More important though is the point you made about "somebody with too much time on their hands." Discord definitely pushes the boundaries of asynchrony at times. On bigger servers, it definitely feels like catching up on past messages is less favorable than being online and active as often as possible. This isn't necessarily anything new (while I've never used it, I've heard that IRC occasionally faces a similar issue) but something about it being baked into the nature of the service can feel very invasive at times. I've yet to find a community on Discord that I felt really bonded with outside of people I know IRL or through friends because contribution is far too often king.
Perhaps there are more similarities than I realized between Discord and social audio in the general-use case. Single-stream communication divided up into rooms, favoring of the most active individuals, and an emphasis on synchronicity seem to be common traits between the two. I'm not sure what this could mean for Discord in the future, though.
This is the ultimate problem with Clubhouse/Twitter spaces.

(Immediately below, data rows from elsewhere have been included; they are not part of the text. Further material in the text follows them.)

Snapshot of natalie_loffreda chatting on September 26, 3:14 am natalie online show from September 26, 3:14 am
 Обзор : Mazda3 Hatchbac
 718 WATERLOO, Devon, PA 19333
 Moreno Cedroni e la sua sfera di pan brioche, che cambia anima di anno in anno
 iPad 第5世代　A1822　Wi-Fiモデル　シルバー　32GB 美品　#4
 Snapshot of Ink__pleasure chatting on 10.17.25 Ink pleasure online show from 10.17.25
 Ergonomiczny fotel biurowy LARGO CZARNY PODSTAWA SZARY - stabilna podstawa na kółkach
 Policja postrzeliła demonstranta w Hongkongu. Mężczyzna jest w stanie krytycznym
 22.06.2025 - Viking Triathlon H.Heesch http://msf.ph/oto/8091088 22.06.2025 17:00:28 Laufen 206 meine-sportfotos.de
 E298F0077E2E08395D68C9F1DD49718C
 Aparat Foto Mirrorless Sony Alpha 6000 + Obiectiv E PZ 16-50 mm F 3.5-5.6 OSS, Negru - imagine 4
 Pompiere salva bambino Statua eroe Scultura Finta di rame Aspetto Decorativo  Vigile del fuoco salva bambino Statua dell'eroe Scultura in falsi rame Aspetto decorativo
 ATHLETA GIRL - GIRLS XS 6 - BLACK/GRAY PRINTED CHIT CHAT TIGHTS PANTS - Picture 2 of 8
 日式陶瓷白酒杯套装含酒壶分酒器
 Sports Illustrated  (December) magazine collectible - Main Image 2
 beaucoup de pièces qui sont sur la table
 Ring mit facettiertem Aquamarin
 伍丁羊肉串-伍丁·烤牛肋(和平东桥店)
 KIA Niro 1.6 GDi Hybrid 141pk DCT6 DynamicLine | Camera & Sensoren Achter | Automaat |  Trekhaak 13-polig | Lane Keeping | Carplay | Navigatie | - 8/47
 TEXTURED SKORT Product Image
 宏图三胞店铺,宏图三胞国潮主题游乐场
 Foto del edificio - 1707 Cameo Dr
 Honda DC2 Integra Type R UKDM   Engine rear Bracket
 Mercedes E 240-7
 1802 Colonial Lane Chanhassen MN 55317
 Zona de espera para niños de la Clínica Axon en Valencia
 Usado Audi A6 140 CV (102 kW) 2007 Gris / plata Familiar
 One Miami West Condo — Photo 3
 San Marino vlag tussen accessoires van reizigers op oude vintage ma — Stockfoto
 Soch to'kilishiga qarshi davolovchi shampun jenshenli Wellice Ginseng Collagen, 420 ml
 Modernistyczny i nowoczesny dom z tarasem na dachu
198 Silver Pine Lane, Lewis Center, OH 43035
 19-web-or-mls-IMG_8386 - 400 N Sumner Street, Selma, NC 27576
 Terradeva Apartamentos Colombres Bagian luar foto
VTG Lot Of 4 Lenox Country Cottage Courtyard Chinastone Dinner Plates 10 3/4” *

Podcasts exist. And they're already great for 1 way audio communication.
So Clubhouse had to push for N-way audio communication as a differentiator, and it's really hard for that to be useful.
It's really rare for the audience's contribution to be useful. And it's even rarer for the audience contribution to be useful in a way that cannot be done equally as well, if not better, in an associated chat room with a live podcast.
It’s not dead. It was popular because of it’s novelty, and now it’s just another form of communication or content consumption. Unfortunately for Clubhouse, that means that as soon as big social networks copy you, you need to innovate or die. Network effects of bigger social media are too powerful for Clubhouse, so it’s a bit of an unfair fight.
But is there any momentum in the big-network-copycats anyway?
I believe it's not about Clubhouse in particular, but the whole idea, so even if Facebook copies it, it's still a dead-end (but would still do in order to dominate the space and keep users in).
Dead? No. But it's not the wildly popular service that people thought it would be. Clubhouse is mostly a dumpster fire. Someone might figure out the right way to do it, but right now it's a clunky mess of toxic rooms with the occasional substantive conversation.
and mumble, vent, xfire, teamspeak. Social audio isn't dead, it's one of the most consistently good aspects of technology because these idiots haven't figured out how to ruin it by trying to monetize the social aspects of it. I've spent my evening in a voice chat for the last 20 years, it's a solved problem.
For me, Clubhouse went from an exclusive party of real-name people I wanted to meet to an open party with lots of pseudonymous/anonymous accounts.
Especially on a live social audio platform, which requires so much of my attention, I wanted to know who I was talking to and be excited to meet them, and that became harder and harder.
The general rule of thumb, is that any headline that ends in a question mark is answered by "no," but I think that this one is "yes."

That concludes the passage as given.